Senior Site Reliability Engineer - CTJ - Poly
Location: Redmond
Posted on: June 23, 2025
|
|
Job Description:
Are you interested in shaping the future of Microsoft 365
products that empower our customers to seamlessly create,
collaborate, and share within government cloud environments? In
this role, you will leverage your expertise in software
development, online services, and AI to envision, design, and
improve upon next-generation Microsoft 365 government cloud service
offerings. The Site Reliability Engineering (SRE) team provides
leadership, direction and accountability for application
architecture, system design, and end-to-end implementation. As a
Senior Site Reliability Engineering , you will identify and deliver
software improvements using your expertise in software development,
AI, complexity analysis, and scalable system design. Microsoft’s
mission is to empower every person and every organization on the
planet to achieve more. As employees we come together with a growth
mindset, innovate to empower others, and collaborate to realize our
shared goals. Each day we build on our values of respect,
integrity, and accountability to create a culture of inclusion
where everyone can thrive at work and beyond. Qualifications
Required/Minimum Qualifications: 6 years technical experience in
software engineering, network engineering, or systems
administration OR Bachelors Degree in Computer Science, Information
Technology, or related field AND 3 years technical experience in
software engineering, network engineering, or systems
administration OR Masters Degree in Computer Science, Information
Technology, or related field AND 2 years technical experience in
software engineering, network engineering, or systems
administration. Other Requirements: Security Clearance
Requirements: Candidates must be able to meet Microsoft, customer
and/or government security screening requirements are required for
this role. These requirements include, but are not limited to the
following specialized security screenings: Candidates must have an
active TS and be willing to upgrade to TS/SCI (with polygraph) or
have an active TS/SCI and be willing to upgrade to TS/SCI (with
polygraph). This role will require candidates to maintain the
TS/SCI (with polygraph) clearance. Ability to meet Microsoft,
customer and/or government security screening requirements are
required for this role. Failure to maintain or obtain the
appropriate clearance and/or customer screening requirements may
result in employment action up to and including termination.

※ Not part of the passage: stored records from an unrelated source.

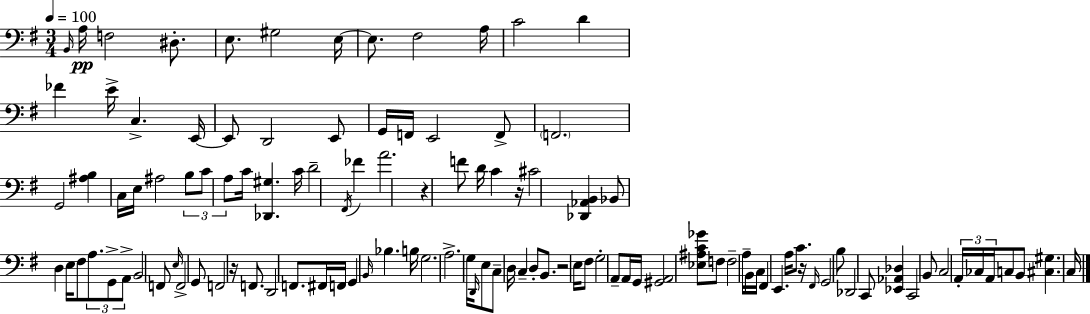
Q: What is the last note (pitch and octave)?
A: C3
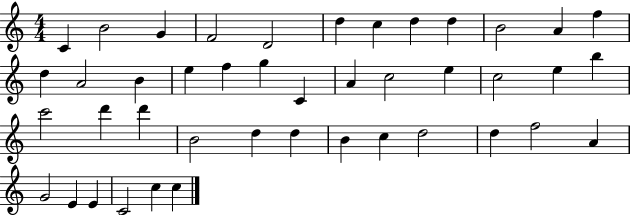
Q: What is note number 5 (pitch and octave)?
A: D4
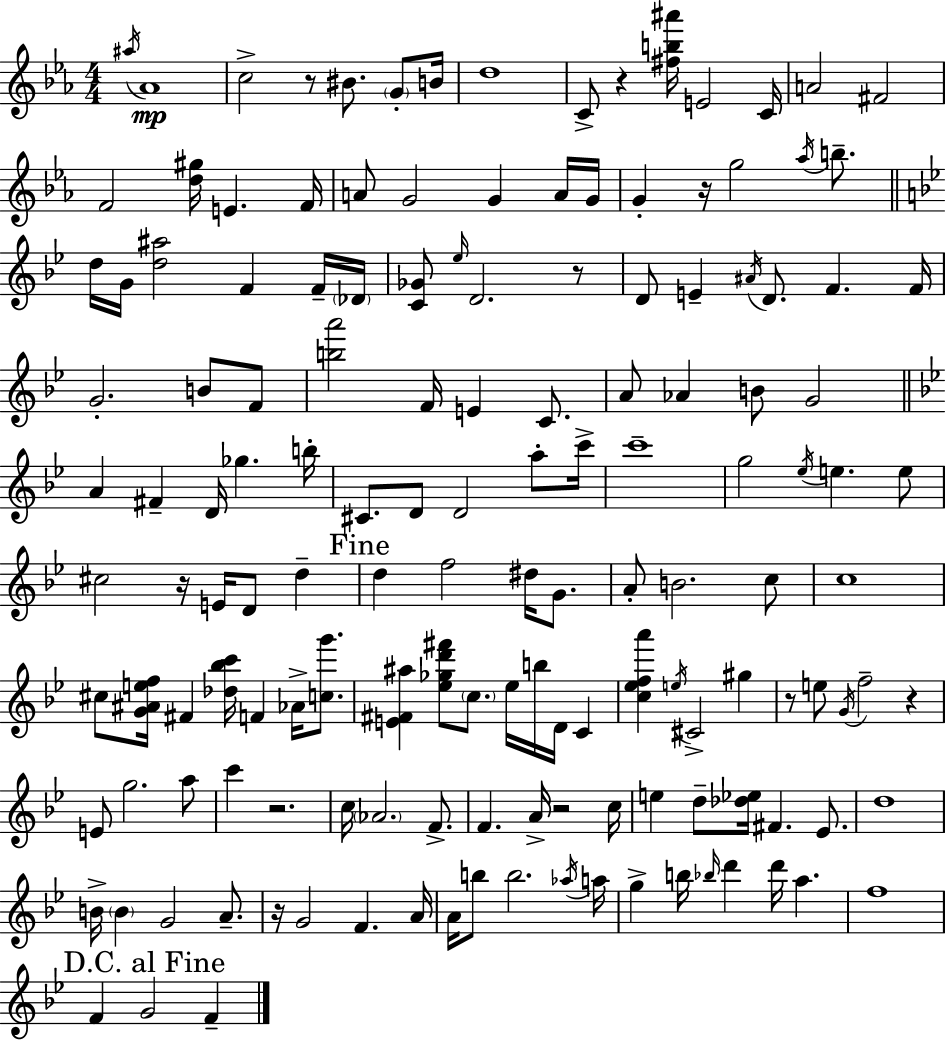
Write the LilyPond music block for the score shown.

{
  \clef treble
  \numericTimeSignature
  \time 4/4
  \key c \minor
  \acciaccatura { ais''16 }\mp aes'1 | c''2-> r8 bis'8. \parenthesize g'8-. | b'16 d''1 | c'8-> r4 <fis'' b'' ais'''>16 e'2 | \break c'16 a'2 fis'2 | f'2 <d'' gis''>16 e'4. | f'16 a'8 g'2 g'4 a'16 | g'16 g'4-. r16 g''2 \acciaccatura { aes''16 } b''8.-- | \break \bar "||" \break \key bes \major d''16 g'16 <d'' ais''>2 f'4 f'16-- \parenthesize des'16 | <c' ges'>8 \grace { ees''16 } d'2. r8 | d'8 e'4-- \acciaccatura { ais'16 } d'8. f'4. | f'16 g'2.-. b'8 | \break f'8 <b'' a'''>2 f'16 e'4 c'8. | a'8 aes'4 b'8 g'2 | \bar "||" \break \key bes \major a'4 fis'4-- d'16 ges''4. b''16-. | cis'8. d'8 d'2 a''8-. c'''16-> | c'''1-- | g''2 \acciaccatura { ees''16 } e''4. e''8 | \break cis''2 r16 e'16 d'8 d''4-- | \mark "Fine" d''4 f''2 dis''16 g'8. | a'8-. b'2. c''8 | c''1 | \break cis''8 <g' ais' e'' f''>16 fis'4 <des'' bes'' c'''>16 f'4 aes'16-> <c'' g'''>8. | <e' fis' ais''>4 <ees'' ges'' d''' fis'''>8 \parenthesize c''8. ees''16 b''16 d'16 c'4 | <c'' ees'' f'' a'''>4 \acciaccatura { e''16 } cis'2-> gis''4 | r8 e''8 \acciaccatura { g'16 } f''2-- r4 | \break e'8 g''2. | a''8 c'''4 r2. | c''16 \parenthesize aes'2. | f'8.-> f'4. a'16-> r2 | \break c''16 e''4 d''8-- <des'' ees''>16 fis'4. | ees'8. d''1 | b'16-> \parenthesize b'4 g'2 | a'8.-- r16 g'2 f'4. | \break a'16 a'16 b''8 b''2. | \acciaccatura { aes''16 } a''16 g''4-> b''16 \grace { bes''16 } d'''4 d'''16 a''4. | f''1 | \mark "D.C. al Fine" f'4 g'2 | \break f'4-- \bar "|."
}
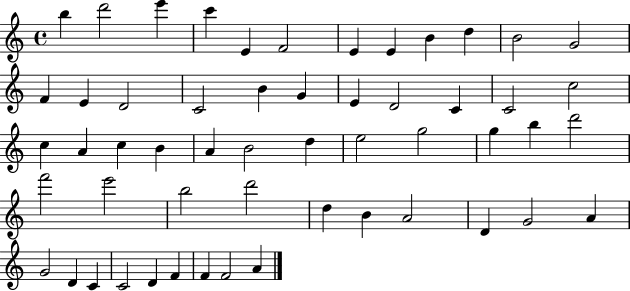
B5/q D6/h E6/q C6/q E4/q F4/h E4/q E4/q B4/q D5/q B4/h G4/h F4/q E4/q D4/h C4/h B4/q G4/q E4/q D4/h C4/q C4/h C5/h C5/q A4/q C5/q B4/q A4/q B4/h D5/q E5/h G5/h G5/q B5/q D6/h F6/h E6/h B5/h D6/h D5/q B4/q A4/h D4/q G4/h A4/q G4/h D4/q C4/q C4/h D4/q F4/q F4/q F4/h A4/q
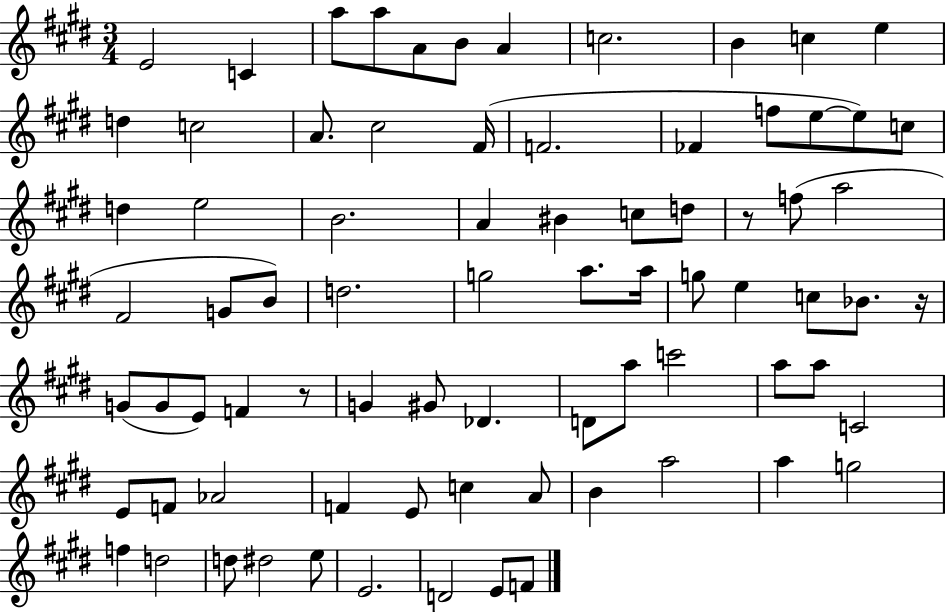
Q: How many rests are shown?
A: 3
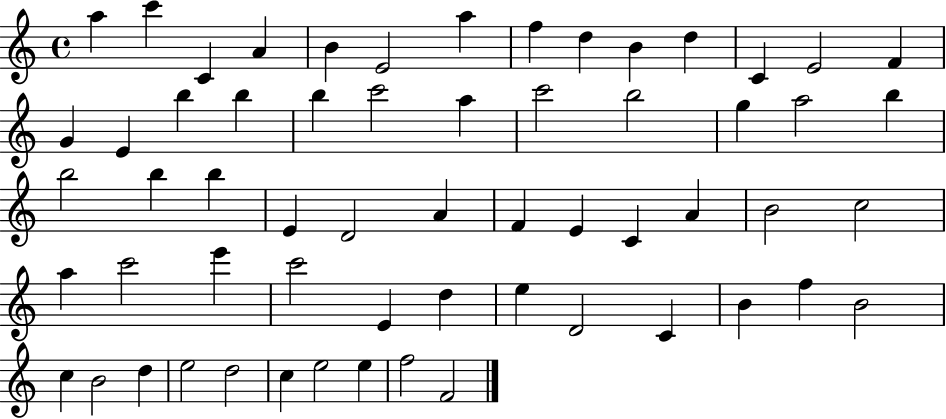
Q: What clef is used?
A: treble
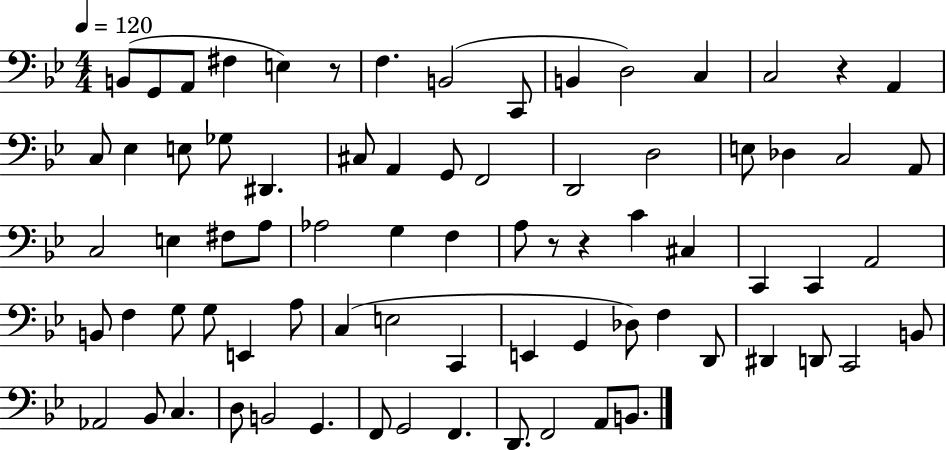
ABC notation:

X:1
T:Untitled
M:4/4
L:1/4
K:Bb
B,,/2 G,,/2 A,,/2 ^F, E, z/2 F, B,,2 C,,/2 B,, D,2 C, C,2 z A,, C,/2 _E, E,/2 _G,/2 ^D,, ^C,/2 A,, G,,/2 F,,2 D,,2 D,2 E,/2 _D, C,2 A,,/2 C,2 E, ^F,/2 A,/2 _A,2 G, F, A,/2 z/2 z C ^C, C,, C,, A,,2 B,,/2 F, G,/2 G,/2 E,, A,/2 C, E,2 C,, E,, G,, _D,/2 F, D,,/2 ^D,, D,,/2 C,,2 B,,/2 _A,,2 _B,,/2 C, D,/2 B,,2 G,, F,,/2 G,,2 F,, D,,/2 F,,2 A,,/2 B,,/2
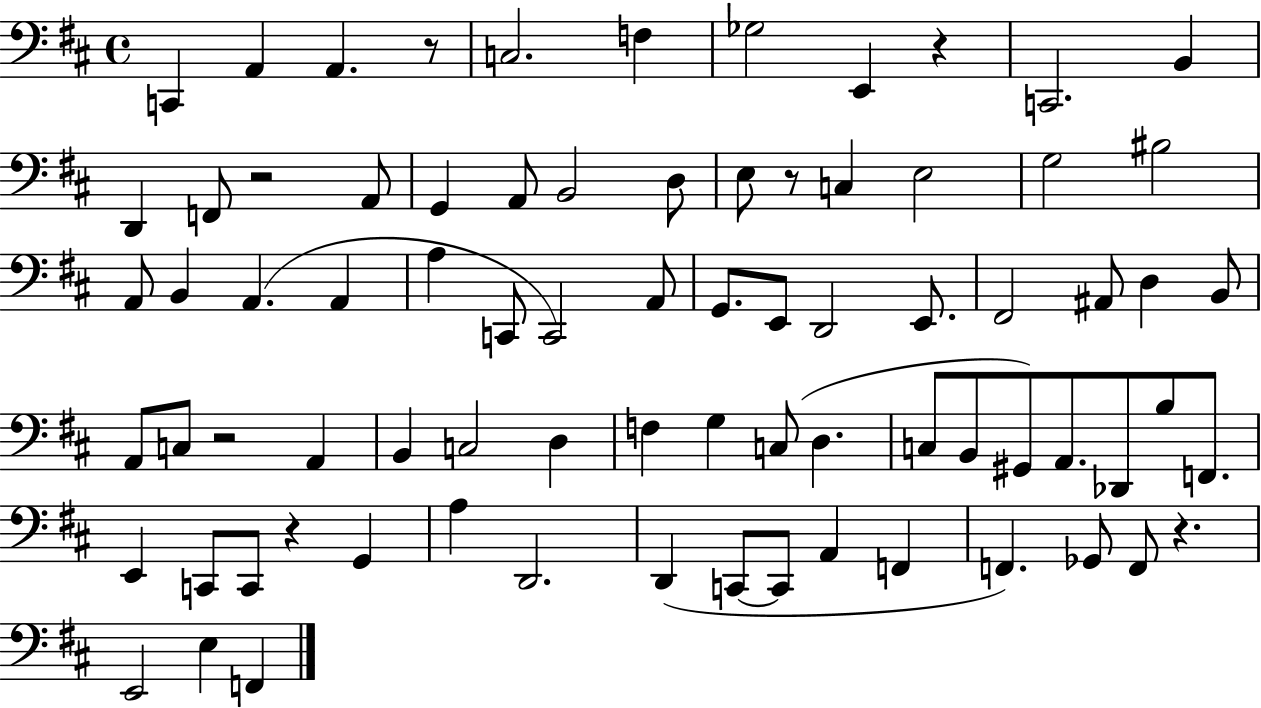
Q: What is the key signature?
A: D major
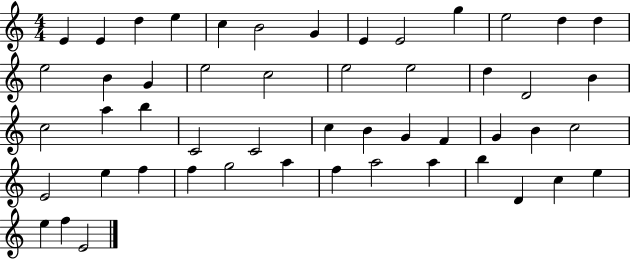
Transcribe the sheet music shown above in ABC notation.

X:1
T:Untitled
M:4/4
L:1/4
K:C
E E d e c B2 G E E2 g e2 d d e2 B G e2 c2 e2 e2 d D2 B c2 a b C2 C2 c B G F G B c2 E2 e f f g2 a f a2 a b D c e e f E2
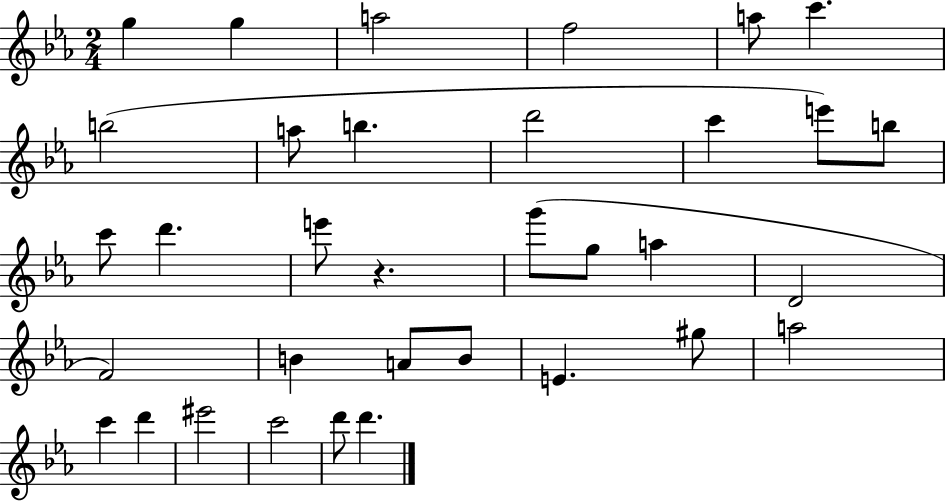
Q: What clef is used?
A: treble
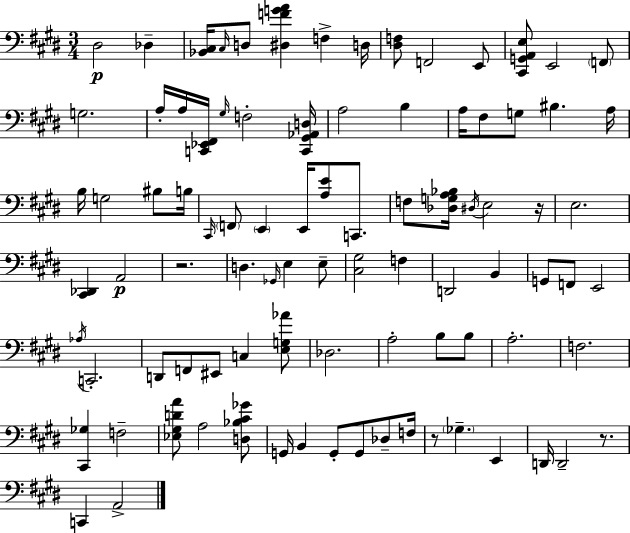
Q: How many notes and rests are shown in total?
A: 90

Clearance Verification : This position requires successful
verification of the stated security clearance to meet federal
government customer requirements. You will be asked to provide
clearance verification information prior to an offer of employment.
Microsoft Cloud Background Check: This position will be required to
pass the Microsoft Cloud background check upon hire/transfer and
every two years thereafter. Citizenship & Citizenship Verification:
This position requires verification of U.S. citizenship due to
citizenship-based legal restrictions. Specifically, this position
supports United States federal, state, and/or local United States
government agency customer and is subject to certain
citizenship-based restrictions where required or permitted by
applicable law. To meet this legal requirement, citizenship will be
verified via a valid passport, or other approved documents, or
verified US government Clearance Preferred/Additional
Qualifications: 7 years technical experience in software
engineering, network engineering, or systems administration OR
Bachelors Degree in Computer Science, Information Technology, or
related field AND 4 years technical experience in software
engineering, network engineering, or systems administration OR
Masters Degree in Computer Science, Information Technology, or
related field AND 3 years technical experience in software
engineering, network engineering, or systems administration OR
Doctorate Degree in Computer Science, Information Technology, or
related field. Site Reliability Engineering IC4 - The typical base
pay range for this role across the U.S. is USD $119,800 - $234,700
per year. There is a different range applicable to specific work
locations, within the San Francisco Bay area and New York City
metropolitan area, and the base pay range for this role in those
locations is USD $158,400 - $258,000 per year. Microsoft will
accept applications for the role until June 26, 2025
Responsibilities Technical Knowledge and Domain-Specific Expertise
Demonstrates end-to-end expertise in distributed systems design,
interactions between cloud technology layers and components,
functions of physical network devices, and dependencies at scale.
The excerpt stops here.